Deterministic transfer of optical-quality carbon nanotubes for atomically defined technology

TL;DR

This paper presents a dry transfer method for precisely placing high-quality carbon nanotubes, enabling atomically precise device assembly with applications in photonics and exciton transfer.

Contribution

A versatile dry transfer technique for deterministic placement of optical-quality carbon nanotubes with sub-micron accuracy and in-situ optical monitoring.

Findings

Successful deterministic placement of nanotubes with desired chirality.

Coupling of nanotubes to photonic crystal nanobeam cavities demonstrated.
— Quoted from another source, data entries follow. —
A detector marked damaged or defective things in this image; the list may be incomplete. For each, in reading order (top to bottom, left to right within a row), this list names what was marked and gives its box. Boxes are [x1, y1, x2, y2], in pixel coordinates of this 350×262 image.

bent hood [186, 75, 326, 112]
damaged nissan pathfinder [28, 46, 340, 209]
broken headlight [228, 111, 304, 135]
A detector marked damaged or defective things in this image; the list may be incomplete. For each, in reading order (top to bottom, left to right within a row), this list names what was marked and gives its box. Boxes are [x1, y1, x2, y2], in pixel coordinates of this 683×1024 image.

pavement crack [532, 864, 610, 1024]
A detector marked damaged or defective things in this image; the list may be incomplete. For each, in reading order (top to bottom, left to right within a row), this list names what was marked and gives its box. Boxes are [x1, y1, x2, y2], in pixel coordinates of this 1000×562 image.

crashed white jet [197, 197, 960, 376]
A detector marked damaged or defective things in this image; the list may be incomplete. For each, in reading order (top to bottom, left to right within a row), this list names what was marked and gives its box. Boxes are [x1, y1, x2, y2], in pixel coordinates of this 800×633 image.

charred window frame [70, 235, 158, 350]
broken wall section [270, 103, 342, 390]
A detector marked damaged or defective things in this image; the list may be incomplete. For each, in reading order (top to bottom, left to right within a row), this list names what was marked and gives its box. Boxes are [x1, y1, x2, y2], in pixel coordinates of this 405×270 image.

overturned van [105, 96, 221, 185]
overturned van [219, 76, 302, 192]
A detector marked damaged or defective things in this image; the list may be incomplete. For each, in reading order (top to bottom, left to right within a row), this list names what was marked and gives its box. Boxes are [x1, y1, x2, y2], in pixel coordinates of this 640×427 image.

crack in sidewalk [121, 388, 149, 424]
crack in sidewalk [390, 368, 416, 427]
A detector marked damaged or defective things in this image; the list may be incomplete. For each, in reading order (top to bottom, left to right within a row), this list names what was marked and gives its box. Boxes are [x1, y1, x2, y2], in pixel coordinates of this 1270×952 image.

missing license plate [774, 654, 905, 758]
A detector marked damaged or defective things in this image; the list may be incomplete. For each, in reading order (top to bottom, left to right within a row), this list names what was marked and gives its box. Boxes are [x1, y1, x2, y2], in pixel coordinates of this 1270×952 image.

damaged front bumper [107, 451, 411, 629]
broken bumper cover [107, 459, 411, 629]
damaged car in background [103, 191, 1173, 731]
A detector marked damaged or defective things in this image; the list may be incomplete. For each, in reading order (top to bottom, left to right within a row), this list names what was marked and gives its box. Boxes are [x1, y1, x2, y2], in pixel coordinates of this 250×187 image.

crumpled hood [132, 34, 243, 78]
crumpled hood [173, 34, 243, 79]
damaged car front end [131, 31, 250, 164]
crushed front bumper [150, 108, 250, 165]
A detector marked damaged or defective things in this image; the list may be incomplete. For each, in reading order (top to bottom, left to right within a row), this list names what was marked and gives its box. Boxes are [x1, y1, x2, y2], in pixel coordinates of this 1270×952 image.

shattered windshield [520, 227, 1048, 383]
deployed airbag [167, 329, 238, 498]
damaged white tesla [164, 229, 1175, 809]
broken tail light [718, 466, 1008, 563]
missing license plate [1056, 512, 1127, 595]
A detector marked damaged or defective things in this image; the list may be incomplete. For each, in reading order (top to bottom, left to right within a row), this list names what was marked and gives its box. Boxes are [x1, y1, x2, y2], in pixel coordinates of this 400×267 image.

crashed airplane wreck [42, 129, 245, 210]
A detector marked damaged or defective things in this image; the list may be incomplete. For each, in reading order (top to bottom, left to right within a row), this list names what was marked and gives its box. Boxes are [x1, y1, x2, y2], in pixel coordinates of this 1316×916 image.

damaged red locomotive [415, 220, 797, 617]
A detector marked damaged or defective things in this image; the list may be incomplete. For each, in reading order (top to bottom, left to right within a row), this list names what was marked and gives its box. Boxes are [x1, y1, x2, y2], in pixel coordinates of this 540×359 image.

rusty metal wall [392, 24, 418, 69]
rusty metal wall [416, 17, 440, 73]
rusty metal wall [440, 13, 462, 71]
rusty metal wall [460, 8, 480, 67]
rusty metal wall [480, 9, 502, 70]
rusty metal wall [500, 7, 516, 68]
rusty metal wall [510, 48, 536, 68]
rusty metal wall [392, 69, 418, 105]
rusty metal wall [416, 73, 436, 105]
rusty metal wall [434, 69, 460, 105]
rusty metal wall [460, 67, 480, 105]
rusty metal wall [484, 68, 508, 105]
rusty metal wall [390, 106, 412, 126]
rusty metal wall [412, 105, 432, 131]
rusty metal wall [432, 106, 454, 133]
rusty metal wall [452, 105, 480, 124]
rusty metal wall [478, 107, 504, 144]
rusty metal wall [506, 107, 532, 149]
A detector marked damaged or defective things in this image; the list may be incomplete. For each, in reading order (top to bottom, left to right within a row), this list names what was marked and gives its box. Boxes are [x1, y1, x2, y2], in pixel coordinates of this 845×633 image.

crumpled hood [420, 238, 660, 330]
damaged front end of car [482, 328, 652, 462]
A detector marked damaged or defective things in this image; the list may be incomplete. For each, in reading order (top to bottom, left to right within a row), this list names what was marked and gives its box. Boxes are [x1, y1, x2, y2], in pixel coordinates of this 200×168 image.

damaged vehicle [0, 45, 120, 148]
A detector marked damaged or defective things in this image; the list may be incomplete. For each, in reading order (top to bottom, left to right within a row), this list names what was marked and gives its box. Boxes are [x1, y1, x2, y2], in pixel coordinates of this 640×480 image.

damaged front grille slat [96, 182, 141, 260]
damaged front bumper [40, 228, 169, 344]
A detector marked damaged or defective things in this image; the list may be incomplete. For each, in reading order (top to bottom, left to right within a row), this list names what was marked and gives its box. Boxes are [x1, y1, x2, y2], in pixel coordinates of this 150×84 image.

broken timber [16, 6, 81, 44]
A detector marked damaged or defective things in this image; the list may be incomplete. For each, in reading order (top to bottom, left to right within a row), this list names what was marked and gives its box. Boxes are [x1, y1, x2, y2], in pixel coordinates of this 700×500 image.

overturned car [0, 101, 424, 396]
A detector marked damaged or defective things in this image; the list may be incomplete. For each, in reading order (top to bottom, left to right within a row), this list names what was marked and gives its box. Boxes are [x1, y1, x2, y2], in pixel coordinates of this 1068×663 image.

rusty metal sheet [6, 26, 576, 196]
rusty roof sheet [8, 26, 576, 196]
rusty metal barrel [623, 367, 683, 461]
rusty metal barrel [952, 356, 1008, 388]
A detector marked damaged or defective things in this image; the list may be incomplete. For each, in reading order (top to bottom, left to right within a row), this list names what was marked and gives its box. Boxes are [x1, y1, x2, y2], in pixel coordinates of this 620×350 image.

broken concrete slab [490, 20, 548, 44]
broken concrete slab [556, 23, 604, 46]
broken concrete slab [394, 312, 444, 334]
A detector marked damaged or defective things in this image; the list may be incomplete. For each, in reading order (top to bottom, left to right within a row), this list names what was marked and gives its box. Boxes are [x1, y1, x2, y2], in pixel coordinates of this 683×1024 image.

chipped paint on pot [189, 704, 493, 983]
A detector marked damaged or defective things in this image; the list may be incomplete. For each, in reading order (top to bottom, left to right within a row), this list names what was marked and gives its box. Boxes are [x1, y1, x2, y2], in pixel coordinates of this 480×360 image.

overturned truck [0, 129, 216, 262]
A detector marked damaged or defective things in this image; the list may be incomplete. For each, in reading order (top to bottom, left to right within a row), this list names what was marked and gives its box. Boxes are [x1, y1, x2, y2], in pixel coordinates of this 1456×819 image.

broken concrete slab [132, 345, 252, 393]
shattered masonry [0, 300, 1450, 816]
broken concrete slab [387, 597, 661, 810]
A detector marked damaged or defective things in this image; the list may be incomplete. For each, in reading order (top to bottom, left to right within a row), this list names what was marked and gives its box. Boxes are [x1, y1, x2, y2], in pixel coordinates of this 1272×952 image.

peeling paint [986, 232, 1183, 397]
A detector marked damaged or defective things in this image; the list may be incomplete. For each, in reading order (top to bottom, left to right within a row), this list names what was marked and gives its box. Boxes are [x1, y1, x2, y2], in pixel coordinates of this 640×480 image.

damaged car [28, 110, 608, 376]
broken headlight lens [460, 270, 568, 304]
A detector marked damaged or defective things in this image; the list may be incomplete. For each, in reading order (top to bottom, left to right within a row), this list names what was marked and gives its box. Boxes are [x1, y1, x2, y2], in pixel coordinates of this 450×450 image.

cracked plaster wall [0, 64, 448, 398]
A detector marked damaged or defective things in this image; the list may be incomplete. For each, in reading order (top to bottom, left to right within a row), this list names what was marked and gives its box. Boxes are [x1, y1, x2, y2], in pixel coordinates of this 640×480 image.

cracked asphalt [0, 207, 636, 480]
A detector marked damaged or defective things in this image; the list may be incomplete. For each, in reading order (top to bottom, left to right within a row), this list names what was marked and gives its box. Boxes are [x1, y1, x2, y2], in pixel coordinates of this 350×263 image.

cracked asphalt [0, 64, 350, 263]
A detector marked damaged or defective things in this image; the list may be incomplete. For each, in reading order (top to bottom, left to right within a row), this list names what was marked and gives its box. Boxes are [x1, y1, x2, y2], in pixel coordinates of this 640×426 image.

Observation of intertube exciton transfer in a cross junction structure.

Abstract

When continued device scaling reaches the ultimate limit imposed by atoms, technology based on atomically precise structures is expected to emerge. Device fabrication will then require building blocks with identified atomic arrangements and assembly of the components without contamination. Here we report on a versatile dry transfer technique for deterministic placement of optical-quality carbon nanotubes. Single-crystalline anthracene is used as a medium which readily sublimes by mild heating, leaving behind clean nanotubes and thus enabling bright photoluminescence. We are able to position nanotubes of a desired chirality with a sub-micron accuracy under in-situ optical monitoring, thereby demonstrating deterministic coupling of a nanotube to a photonic crystal nanobeam cavity. A cross junction structure is also designed and constructed by repeating the nanotube transfer, where intertube exciton transfer is observed. Our results represent an important step towards development of devices consisting of atomically precise components and interfaces.